Exercise aim >> Could you write out, exactly and with no pictures, every line from the one containing "Laagste prijs - Steinhauer" through the last line of the entries?

Supplied material >>
☆ ☆ ☆ ☆ ☆

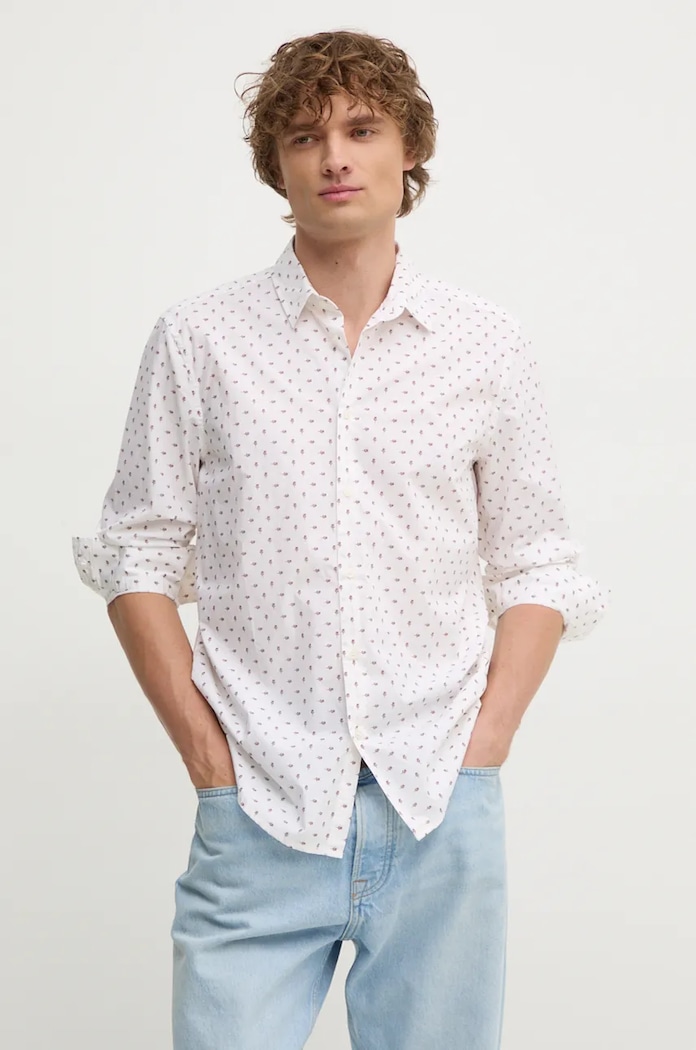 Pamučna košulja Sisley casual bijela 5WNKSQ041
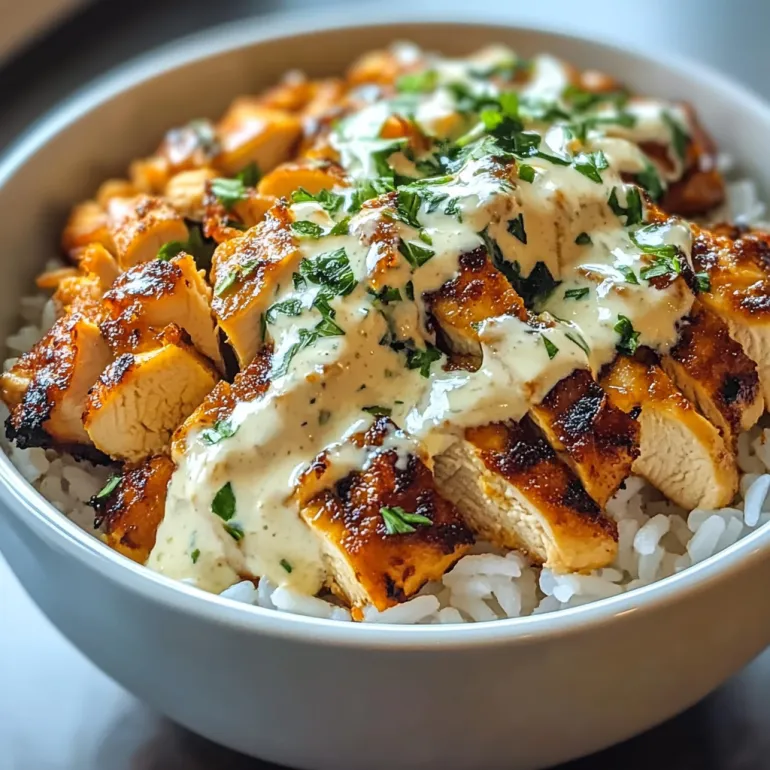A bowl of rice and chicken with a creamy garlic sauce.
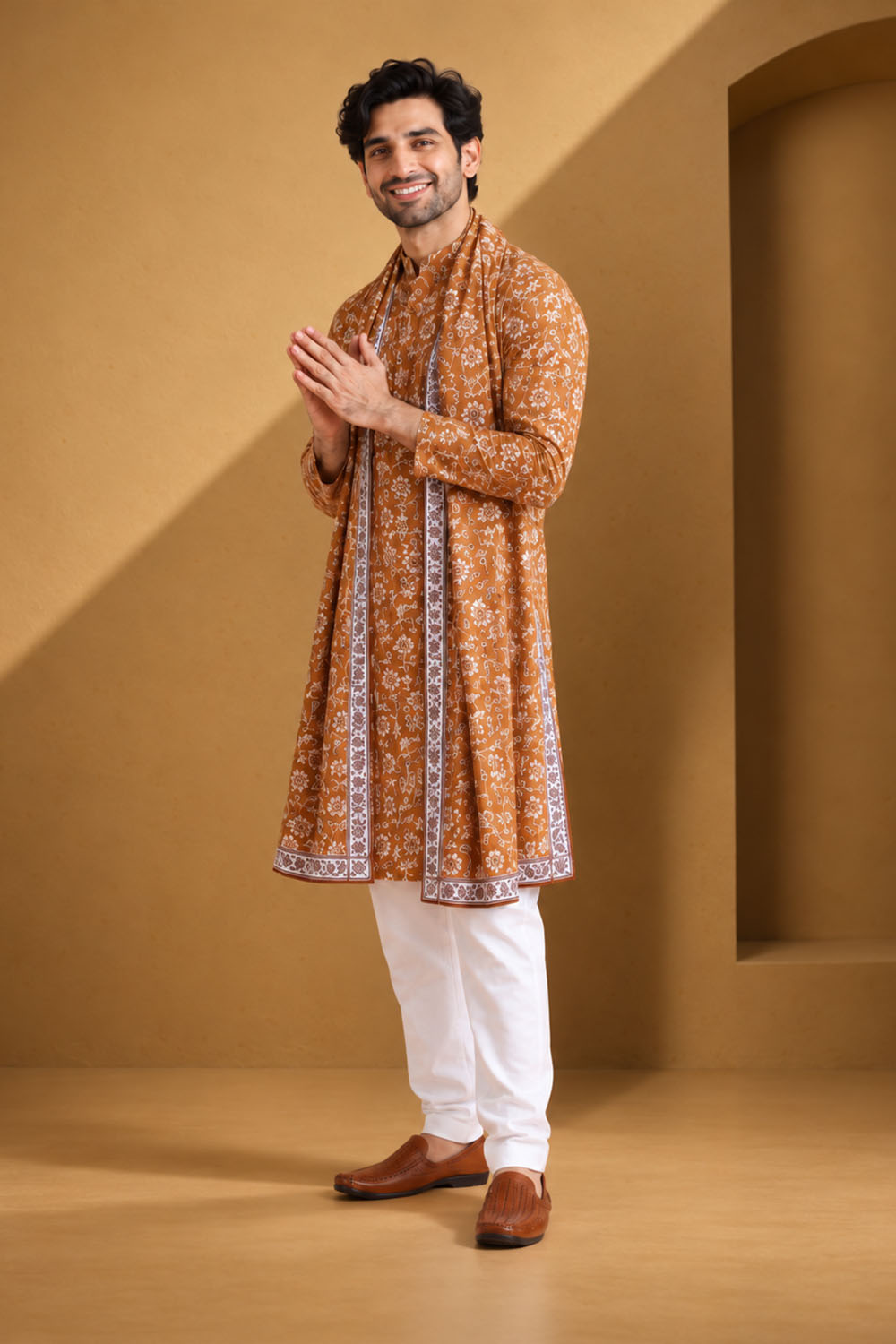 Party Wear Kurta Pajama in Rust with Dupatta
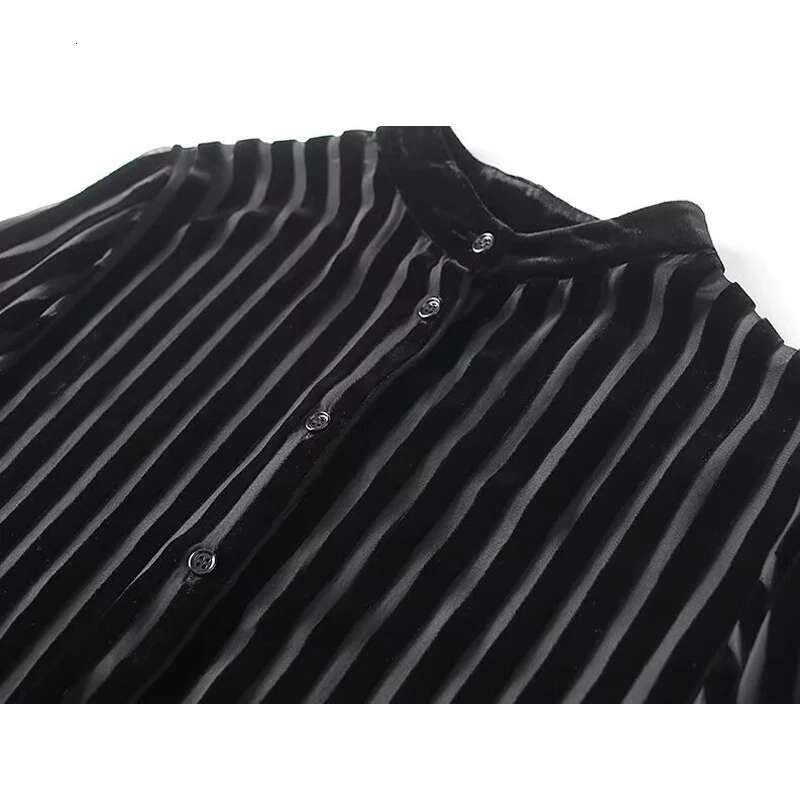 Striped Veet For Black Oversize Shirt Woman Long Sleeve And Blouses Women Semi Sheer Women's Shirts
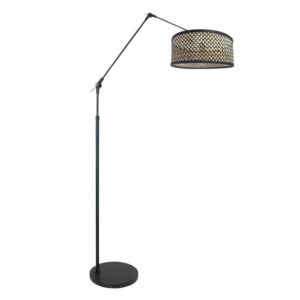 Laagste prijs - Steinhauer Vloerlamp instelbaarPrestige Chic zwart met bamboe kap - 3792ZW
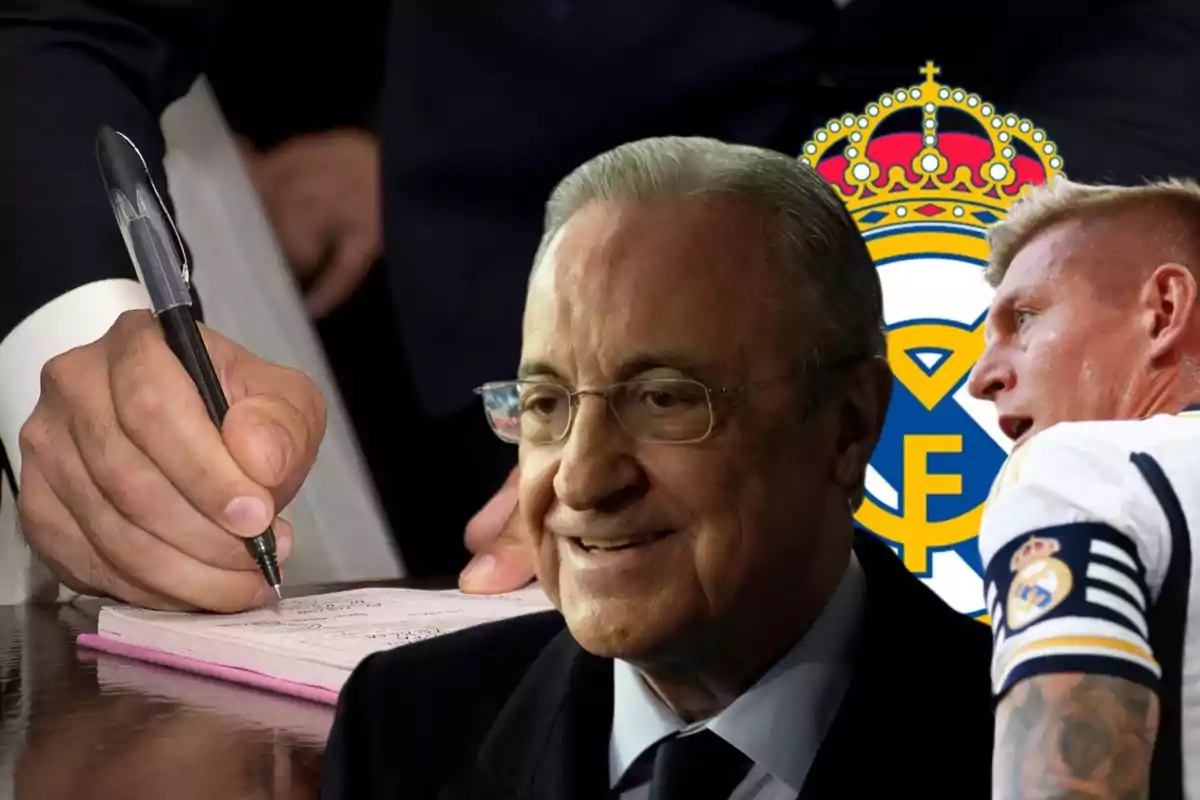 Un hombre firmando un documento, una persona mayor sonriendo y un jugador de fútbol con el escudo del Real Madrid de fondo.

☆ ☆ ☆ ☆ ☆

Expected answer >>
 Laagste prijs - Steinhauer Vloerlamp instelbaarPrestige Chic zwart met bamboe kap - 3792ZW
 Un hombre firmando un documento, una persona mayor sonriendo y un jugador de fútbol con el escudo del Real Madrid de fondo.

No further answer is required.